The reply should contain all the data below, repeated exactly, and none of the images.

START GIVEN INFORMATION

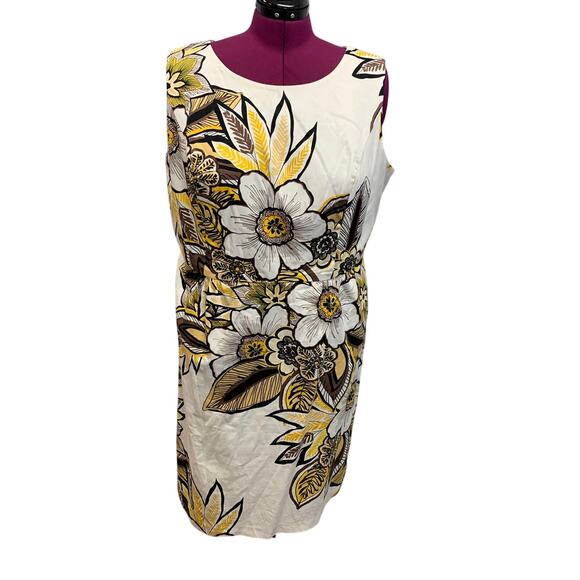 Jones New York Woman Size 20W Large Floral Print Sleeveless Sheath Dress - Picture 1 of 6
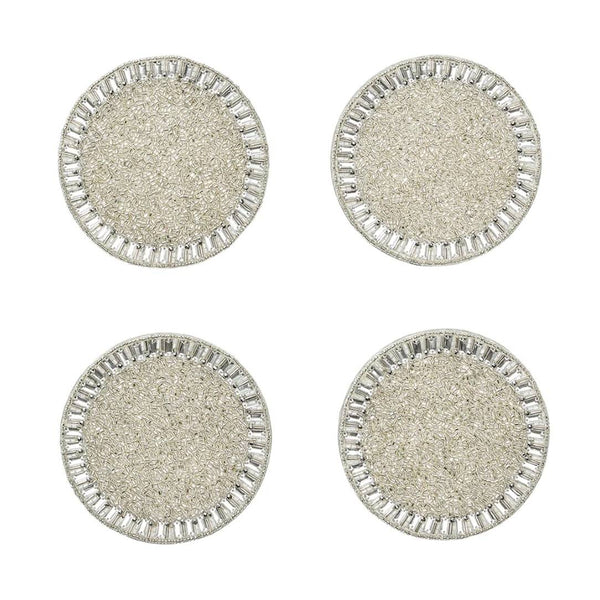 Bevel coaster set of 4 in silver and crystal by Kim Seybert, luxury modern table decor 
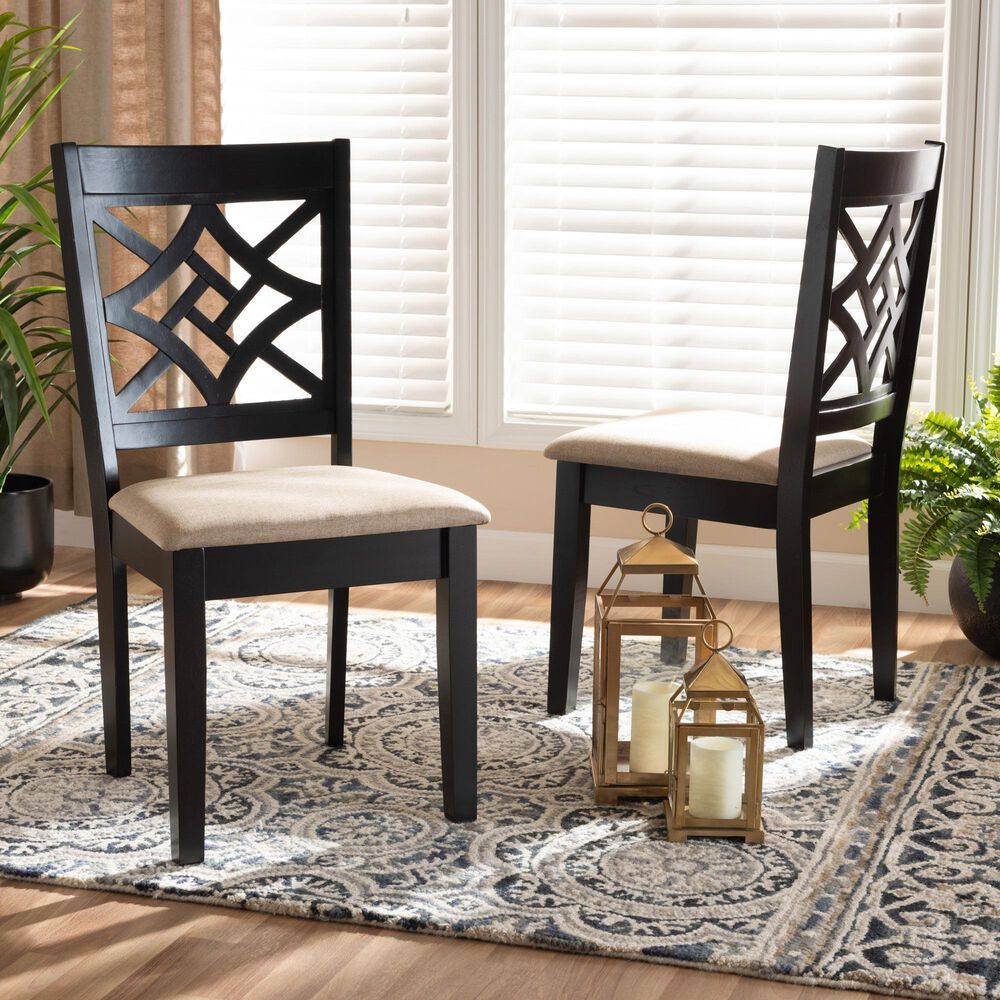 Baxton Studio Nicolette Side Chair with Sand Cushion in Dark Brown (Set of 2), , large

END GIVEN INFORMATION

**ANSWER AREA**:
 Jones New York Woman Size 20W Large Floral Print Sleeveless Sheath Dress - Picture 1 of 6
 Bevel coaster set of 4 in silver and crystal by Kim Seybert, luxury modern table decor 
 Baxton Studio Nicolette Side Chair with Sand Cushion in Dark Brown (Set of 2), , large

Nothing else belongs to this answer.